We generally can use the following methods to equalize fluid pressures above and below a closed SCSSV:
- Re-pressurizing the production tubing above the SCSSSV from another well (if sufficient well pressure exists) via the production manifold.
- Pumping a fluid that is compatible with the production fluid (e.g., diesel for thin oils) into the production tubing and pressuring this fluid until achieving equalization across the valve.
- Pumping a supply of inert gas (e.g., nitrogen) at sufficient pressure into the production tubing until
- In addition, using a combination of the methods described in 1 and 3. We can reach this deficiency with an additional inert gas supply if other wells cannot supply sufficient pressure.
- Furthermore, using the available built-in equalization feature of the SCSSSV installed; may be used in conjunction with some of the methods described above.
- Equalization via the annulus through the (gas lift) blowdown loop.
Generally, whichever method of SCSSSV equalization is chosen will depend upon the source of pressure and, possibly, Company policy.
As the name implies, non-equalizing SCSSSVs have no internal mechanism to assist in equalizing pressure across the safety valve. Therefore, the only method available is re-pressurizing the production tubing above the safety valve via the Christmas tree. Then, after equalization, the appropriate control line pressure, as recommended by the SCSSSV manufacturer, is applied to the valve; the magnitude of this pressure depends on the valve opening pressure, the setting depth of the valve, the control line fluid gradient, and a safety factor margin. The advantage over an equalizing SCSSSV is that it is more reliable due to its more straightforward design. The disadvantages are that an external pressure source is required for equalization, and improper operation against differential pressure can damage the valve.
Equalising SCSSSVs provide an internal mechanism whereby pressurized well fluid below a closed valve can be introduced into the production tubing above the valve to facilitate equalization of pressure. In general, pressurized well fluid below a safety valve can bypass the closed valve by moving a secondary valve offseat. This slight movement of the secondary valve is provided by applying an appropriate control line pressure which only opens the secondary valve system; the magnitude of this pressure depends on the valve opening pressure, the setting depth of the valve, and the control line fluid gradient. The only advantage of this valve vis-a-vis the non-equalization valve is that it requires no outside pressure source. However, it is much less reliable as there are more seals and sealing surfaces.
SCSSSV Control Manifolds
Since SCSSSVs are fail-safe close valves, they must be held open by an external pressure source. Surface control manifolds are designed to provide and control the hydraulic pressure required to hold an SCSSSV open. Figure 14 illustrates a typical portable SCSSV surface control manifold; wireline operators might use such a manifold to keep a TRSV open (after isolation from the primary ESD system) during routine wireline work on a well. The main components of such a manifold are the air supply and regulation system, the low-pressure system for pneumatic control (3-way controller, fusible plug, hi-lo pressure pilot, manual shutdown), and the hydraulic system for valve actuation (control line).
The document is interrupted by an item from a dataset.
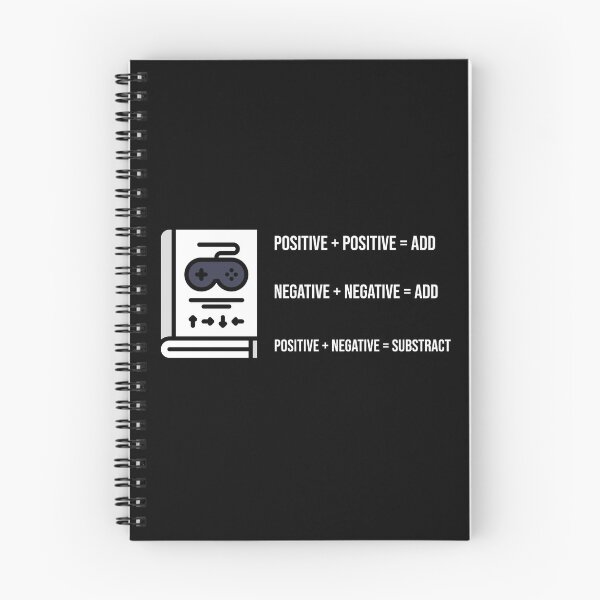Item preview, Math Rules designed and sold by farhan20.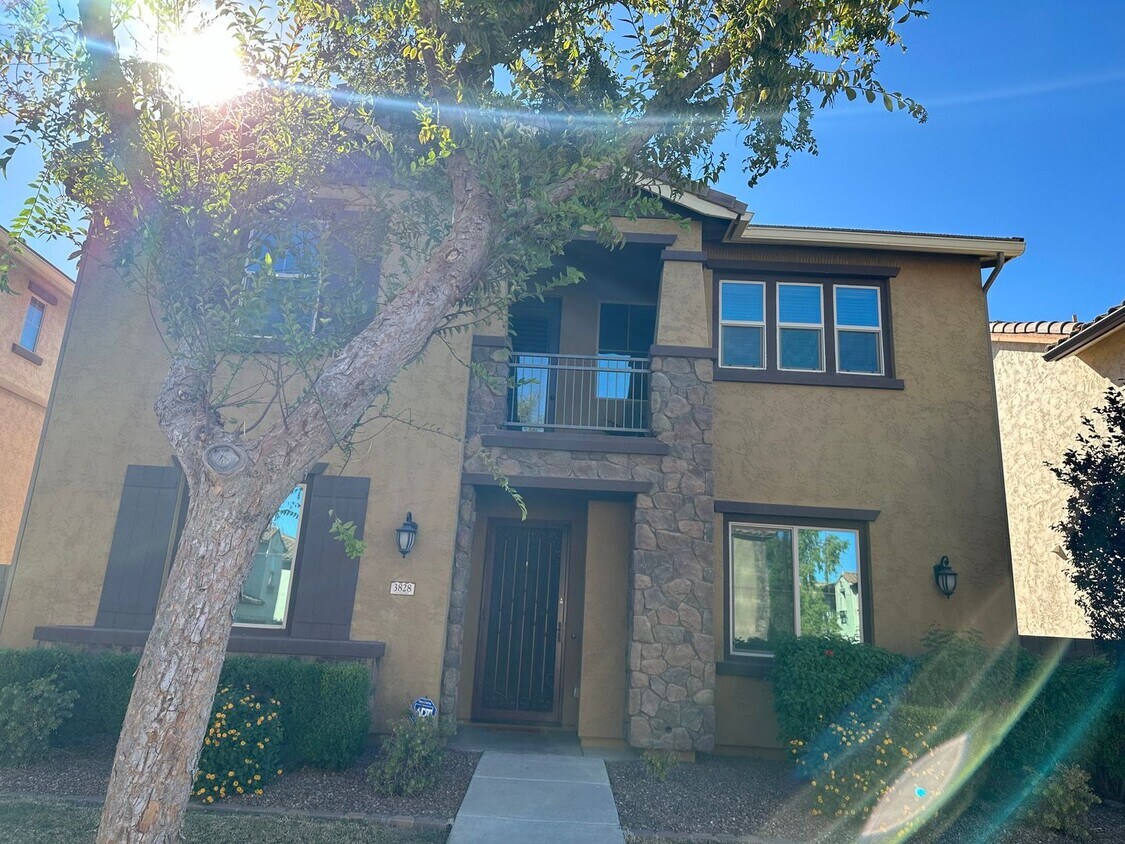Building Photo - 5 bedroom in Cooley Station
Surface Control Subsurface Safety Valve Failure Options
To ensure that safety valves will work if required, they should be periodically tested. The testing frequency (i.e., inﬂow testing) is dictated by the failure rate but is typically between three months and a year. The maximum permissible leak rate is dictated by company or government policy. ISO 10432 (2004b) and the preceding API guidelines have a relatively lax allowable 15 SCF/Min leak rate for gas and 400 CC/Min (25 in. /min) for liquids.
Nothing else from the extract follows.